Another 47 trees would be planted along the street, which would become a "significant pedestrian boulevard" linking the town centre with tourism attractions, accommodation and the nearby Lakeview development, Hansby said.
By yesterday afternoon, Gibson Tree Care workers had removed two of the trees.
A local arborist contacted the Mountain Scene last month to say his company and two other local contractors had refused to quote for the work on ethical grounds.
Their stand was supported by Forest & Bird Otago-Southland and the New Zealand Arboricultural Association, whose secretary, Mark Roberts, described the trees' removal as "intergenerational theft".
Two online petitions calling for them to be saved had received a total of more than 1300 signatures by yesterday.
Queenstown resident Brigid Inder told the Otago Daily Times she was in a small group which watched workers begin removing the trees yesterday morning.

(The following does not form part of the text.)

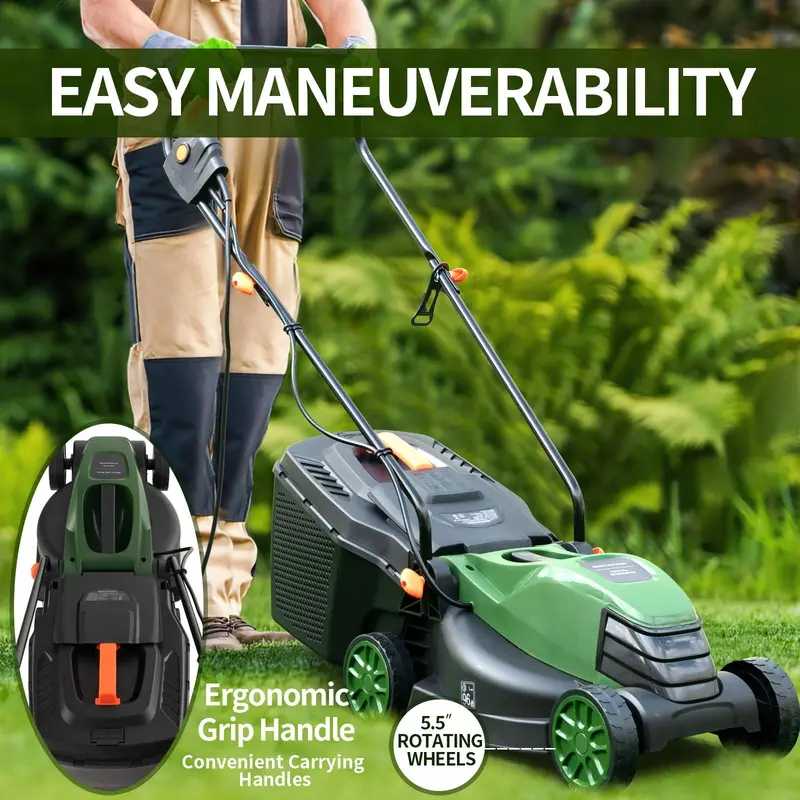 Goplus Elektrischer Rasenmäher, 2-in-1 vielseitiger Netzbetriebener Rasenmäher, 10-A-Motor, 33 cm Schnittbreite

She laid a wreath beneath the trees before the work started.
Inder said her 89-year-old mother remembered them from her youth.
The felling "flies in the face" of the council's climate emergency declaration two years ago.
"It doesn't make sense to be cutting down mature, healthy hardwood trees in a climate crisis," Inder said.
"And they're beautiful."
Planners needed to design projects to incorporate the natural environment, she said.